= Xu Sihai =

Chinese ceramist (c.1946–2020)

Xu Sihai (c. 1946 – June 5, 2020) was a Chinese teapot creator, artisan, collector, and curator. Xu was an expert and authority on purple clay teapots, also known as the Yixing clay teapot. In 1992, Xu founded the Sihai Teapot Museum, the first private museum established in modern Shanghai.

==Biography==
Xu was born in Yancheng, Jiangsu province. He moved south to the city of Shanghai when he was 10-years old. He joined the People's Liberation Army when he was 23 years old and was sent to North Vietnam during the 1960s. Xu first became interested in creating purple clay teapots while still enlisted in the military. After leaving the army, Xu returned to Shanghai with a truck full of purple clay teapots he created.

Xu continued making purple clay teapots during the 1980s. His creation, a teapot called "Summer," won a national competition in 1985. That particular teapot was later acquired by the Asian Art Museum in San Francisco. His first solo exhibition of his teapots took place in Singapore in 1989.

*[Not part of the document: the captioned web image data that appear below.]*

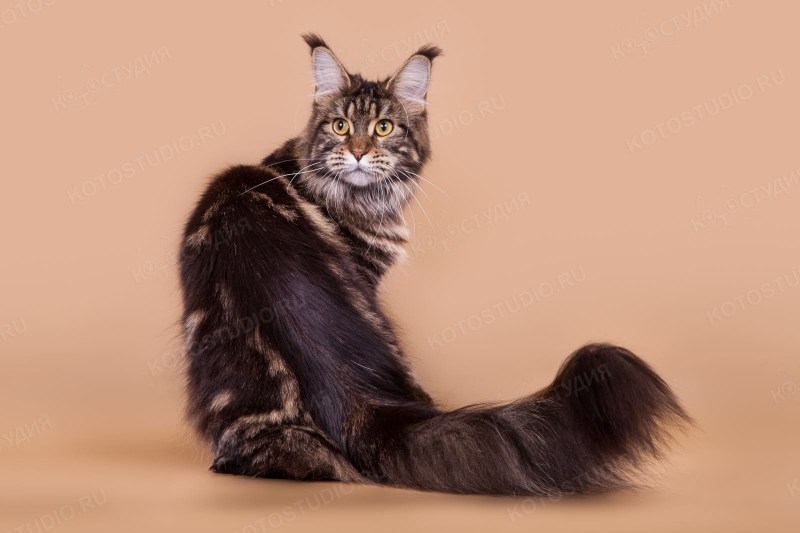Кошка Мейн кун
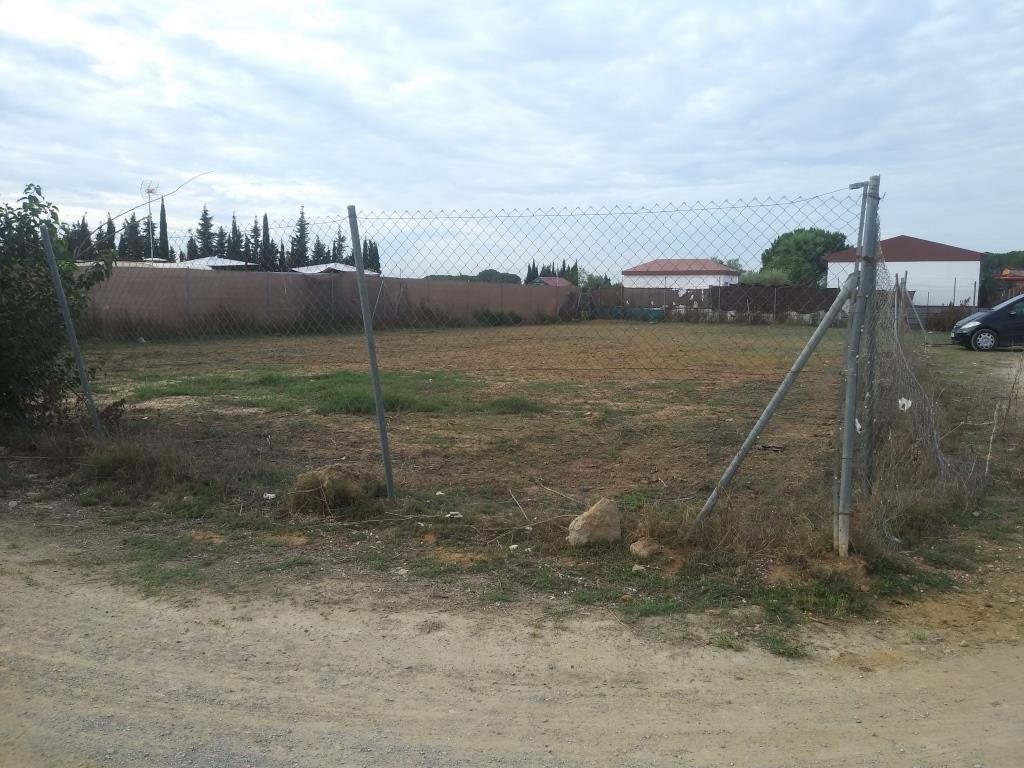 For sale of land in Los Palacios y Villafranca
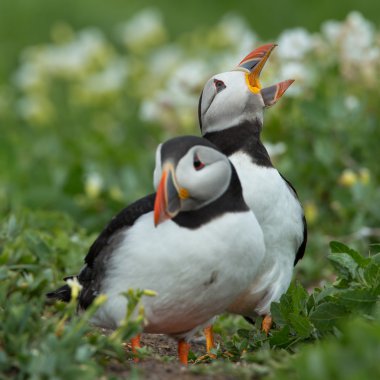 Bir kayanın üzerine puffins grup 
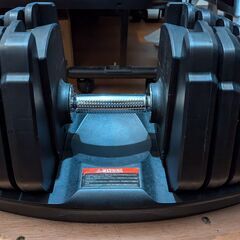 ライシン 漢のダンベル（可変式ダンベル）　45kg✕2個セット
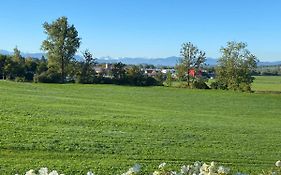 Gemütliche Wohnung mit Ofen und Naturblick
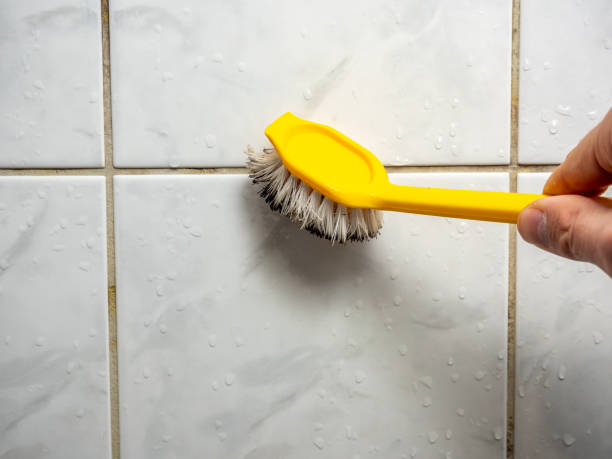 Best Local Mold Removal Service  in Denton, MD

Examples of his teapots are now displayed in both Chinese and international museums.

In 1992, Xu Sihai opened the Sihai Teapot Museum, the first private museum in Shanghai. He also opened "A Hundred Buddhas Garden" in 2009, a 3.07-hectare complex which encompasses the original Sihai Teapot Museum, as well as the China Tea God Museum and a tea processing factory located in the city's Jiading Districts Zhenxin neighborhood.

Xu Sihai died on June 5, 2020, at the age of 74.